Selain pantai, Kota Bangka juga terkenal sebagai kota penghasil timah. Bahkan dahulu, Muhammad Hatta pernah diasingkan di kota ini. Untuk melihat sejarah panjang Bangka, Anda bisa datang langsung ke Museum Timah.
Sepertinya bukan hal yang baru lagi, bila selama ini Pulau Bangka dikenal sebagai daerah pertambangan. Utamanya tambang timah yang memang sudah menjadi komoditas identitas daerah ini.
Film Laskar Pelangi, yang sekalipun berlatar belakang Pulau Belitung, saudara Pulau Bangka, adalah gambaran kondisi sejarah pertambangan timah di sana. Pertambangan timah di Pulau Bangka sudah berlangsung sejak lama. Untuk mengetahui lebih dalam cerita itu, kita bisa mempelajarinya di Museum Timah Indonesia, salah satu museum timah yang ada di Pulau Bangka.

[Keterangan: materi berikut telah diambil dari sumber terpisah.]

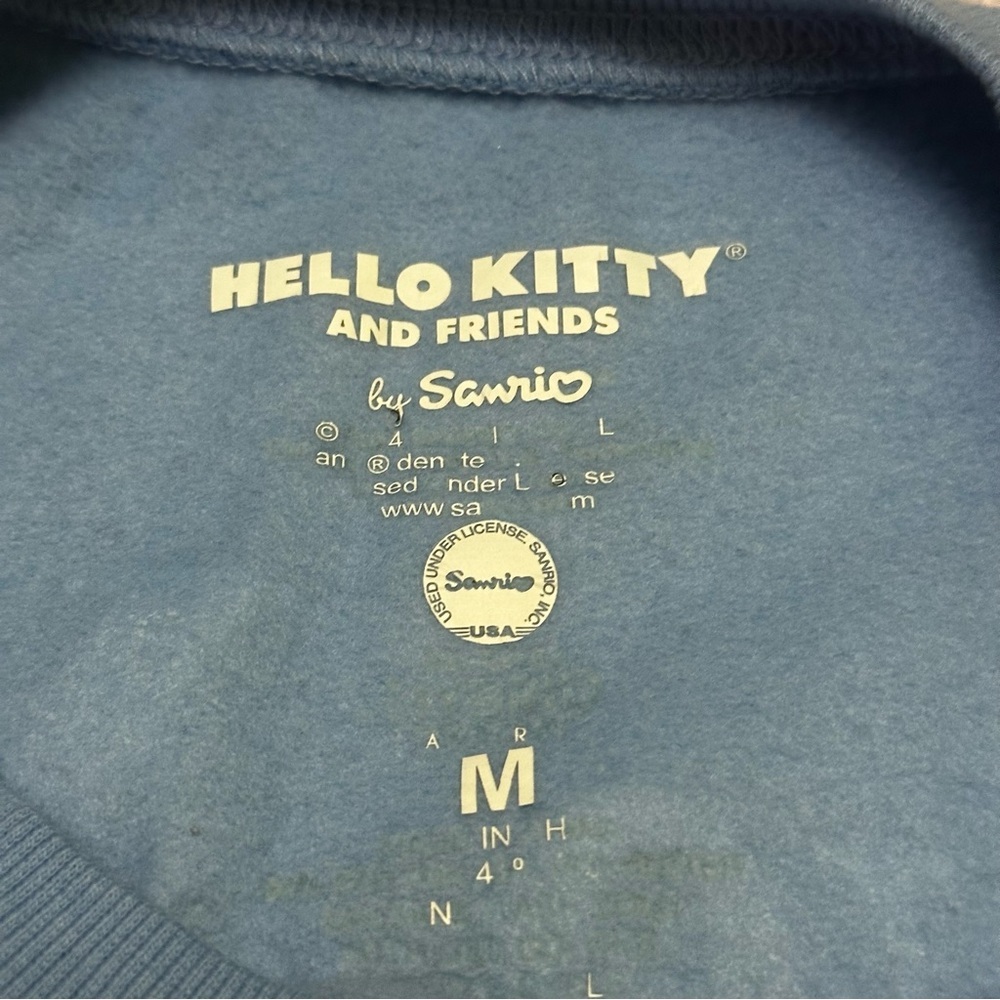 Sanrio Hello Kitty Blue Crewneck sweater M - Picture 5 of 11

Dalam buku yang berjudul "Toponim Kota Pangkalpinang" yang ditulis oleh Drs Akhmad Elvian, diceritakan mengenai sejarah berdirinya Museum Timah Indonesia. Bermula dari penguasaan Belanda atas Yogyakarta, ibukota Republik Indonesia kala itu, melalui agresi militer pada tanggal 19 Desember 1948.
Presiden Soekarno, Sultan Sjahrir, dan Menteri Luar Negeri Haji Agus Salim, diasingkan di Brastagi dan Parapat. Sedangkan Wakil Presiden Mohammad Hatta, Kepala Staf Angkatan Udara RS Soerjadarma, Ketua KNIP Mr Assaat, dan Sekretaris Negara Mr AG. Pringgodidgo diturunkan di Kampung Dul, Pulau Bangka, untuk selanjutnya dibawa ke Gunung Menumbing di Muntok, Bangka Barat, dengan pengawalan truk bermuatan tentara Belanda.
Pada 5 Februari 1949, Presiden Pertama RI dan Menteri Luar Negeri kala itu, Haji Agus Salim tiba di pelabuhan Pangkalbalam, Pangkalpinang, dari pengasingan di Parapat dengan pesawat Catalina. Mereka bergabung dengan pemimpin-pemimpin republik lainnya yang telah diasingkan terlebih dahulu di Gunung Menumbing.
Pada hari berikutnya, datang pula beberapa tokoh seperti dr Darma Setiawan, Prof Soepomo, dan dr J Leimena, serta tiga orang tokoh dari BFO (Bijeenkomst Voor Federal Overleg), yakni Mr Soejono, Anak Agung Gde Agung, dan dr Ateng.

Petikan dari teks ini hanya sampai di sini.